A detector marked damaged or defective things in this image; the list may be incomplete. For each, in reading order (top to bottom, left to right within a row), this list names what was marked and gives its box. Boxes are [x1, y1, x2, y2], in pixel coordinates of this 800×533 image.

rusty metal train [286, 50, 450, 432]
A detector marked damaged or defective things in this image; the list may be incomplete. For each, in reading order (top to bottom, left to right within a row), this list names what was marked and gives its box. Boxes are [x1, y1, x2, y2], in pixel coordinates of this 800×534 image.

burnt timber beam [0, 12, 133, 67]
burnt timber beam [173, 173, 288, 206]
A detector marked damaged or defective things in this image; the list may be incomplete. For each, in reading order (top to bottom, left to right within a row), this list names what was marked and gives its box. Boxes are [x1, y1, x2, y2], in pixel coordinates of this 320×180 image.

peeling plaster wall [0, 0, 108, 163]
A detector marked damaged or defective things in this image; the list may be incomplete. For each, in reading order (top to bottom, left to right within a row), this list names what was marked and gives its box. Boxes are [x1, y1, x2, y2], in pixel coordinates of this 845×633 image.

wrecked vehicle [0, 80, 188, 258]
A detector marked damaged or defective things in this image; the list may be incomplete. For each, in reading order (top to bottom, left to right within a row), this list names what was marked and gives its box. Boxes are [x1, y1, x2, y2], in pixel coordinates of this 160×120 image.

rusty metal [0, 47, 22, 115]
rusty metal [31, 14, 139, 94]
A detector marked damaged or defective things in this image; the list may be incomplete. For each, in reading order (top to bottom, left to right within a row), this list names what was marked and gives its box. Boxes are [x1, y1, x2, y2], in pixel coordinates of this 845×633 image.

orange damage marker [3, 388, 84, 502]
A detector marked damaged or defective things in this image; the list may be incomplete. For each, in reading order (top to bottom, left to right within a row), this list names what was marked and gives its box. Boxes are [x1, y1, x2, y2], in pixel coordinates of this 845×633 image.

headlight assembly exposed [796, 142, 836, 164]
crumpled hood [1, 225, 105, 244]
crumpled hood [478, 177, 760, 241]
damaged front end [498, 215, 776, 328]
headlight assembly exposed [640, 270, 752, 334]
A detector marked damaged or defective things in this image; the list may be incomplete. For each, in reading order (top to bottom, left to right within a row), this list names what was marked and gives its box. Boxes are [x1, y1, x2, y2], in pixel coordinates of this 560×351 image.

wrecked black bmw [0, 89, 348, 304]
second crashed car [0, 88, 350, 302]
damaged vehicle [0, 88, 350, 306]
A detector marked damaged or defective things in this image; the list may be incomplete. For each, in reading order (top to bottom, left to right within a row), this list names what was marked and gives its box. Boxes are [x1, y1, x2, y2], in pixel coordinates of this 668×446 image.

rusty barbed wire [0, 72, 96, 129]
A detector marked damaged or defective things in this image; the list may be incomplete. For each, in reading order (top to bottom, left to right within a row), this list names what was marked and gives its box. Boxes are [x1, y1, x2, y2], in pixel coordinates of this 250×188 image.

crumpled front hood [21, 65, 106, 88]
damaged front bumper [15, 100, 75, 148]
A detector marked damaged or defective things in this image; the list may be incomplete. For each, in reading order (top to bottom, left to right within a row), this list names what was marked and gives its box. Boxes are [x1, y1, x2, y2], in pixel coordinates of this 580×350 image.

▶ **Activity**
What's needed is every line of the listing, transcribed word for word.

▶ **Solution to the problem**
A detector marked damaged or defective things in this image; the list may be incomplete. For each, in reading order (top to bottom, left to right within a row), this list names what was marked and gives its box. Boxes are [x1, y1, x2, y2], in pixel coordinates of this 800×533 image.

rusty metal train [286, 50, 450, 432]
A detector marked damaged or defective things in this image; the list may be incomplete. For each, in reading order (top to bottom, left to right within a row), this list names what was marked and gives its box. Boxes are [x1, y1, x2, y2], in pixel coordinates of this 800×534 image.

burnt timber beam [0, 12, 133, 67]
burnt timber beam [173, 173, 288, 206]
A detector marked damaged or defective things in this image; the list may be incomplete. For each, in reading order (top to bottom, left to right within a row), this list names what was marked and gives its box. Boxes are [x1, y1, x2, y2], in pixel coordinates of this 320×180 image.

peeling plaster wall [0, 0, 108, 163]
A detector marked damaged or defective things in this image; the list may be incomplete. For each, in reading order (top to bottom, left to right within a row), this list names what was marked and gives its box. Boxes are [x1, y1, x2, y2], in pixel coordinates of this 845×633 image.

wrecked vehicle [0, 80, 188, 258]
A detector marked damaged or defective things in this image; the list may be incomplete. For each, in reading order (top to bottom, left to right within a row), this list names what was marked and gives its box. Boxes are [x1, y1, x2, y2], in pixel coordinates of this 160×120 image.

rusty metal [0, 47, 22, 115]
rusty metal [31, 14, 139, 94]
A detector marked damaged or defective things in this image; the list may be incomplete. For each, in reading order (top to bottom, left to right within a row), this list names what was marked and gives its box. Boxes are [x1, y1, x2, y2], in pixel coordinates of this 845×633 image.

orange damage marker [3, 388, 84, 502]
A detector marked damaged or defective things in this image; the list may be incomplete. For each, in reading order (top to bottom, left to right within a row), this list names what was marked and gives its box. Boxes are [x1, y1, x2, y2], in pixel coordinates of this 845×633 image.

headlight assembly exposed [796, 142, 836, 164]
crumpled hood [1, 225, 105, 244]
crumpled hood [478, 177, 760, 241]
damaged front end [498, 215, 776, 328]
headlight assembly exposed [640, 270, 752, 334]
A detector marked damaged or defective things in this image; the list may be incomplete. For each, in reading order (top to bottom, left to right within a row), this list names what was marked and gives its box. Boxes are [x1, y1, x2, y2], in pixel coordinates of this 560×351 image.

wrecked black bmw [0, 89, 348, 304]
second crashed car [0, 88, 350, 302]
damaged vehicle [0, 88, 350, 306]
A detector marked damaged or defective things in this image; the list may be incomplete. For each, in reading order (top to bottom, left to right within a row), this list names what was marked and gives its box. Boxes are [x1, y1, x2, y2], in pixel coordinates of this 668×446 image.

rusty barbed wire [0, 72, 96, 129]
A detector marked damaged or defective things in this image; the list may be incomplete. For each, in reading order (top to bottom, left to right within a row), this list names what was marked and gives its box. Boxes are [x1, y1, x2, y2], in pixel coordinates of this 250×188 image.

crumpled front hood [21, 65, 106, 88]
damaged front bumper [15, 100, 75, 148]
A detector marked damaged or defective things in this image; the list may be incomplete. For each, in reading order (top to bottom, left to right within a row), this list names what was marked and gives its box. Boxes are [x1, y1, x2, y2], in pixel coordinates of this 580×350 image.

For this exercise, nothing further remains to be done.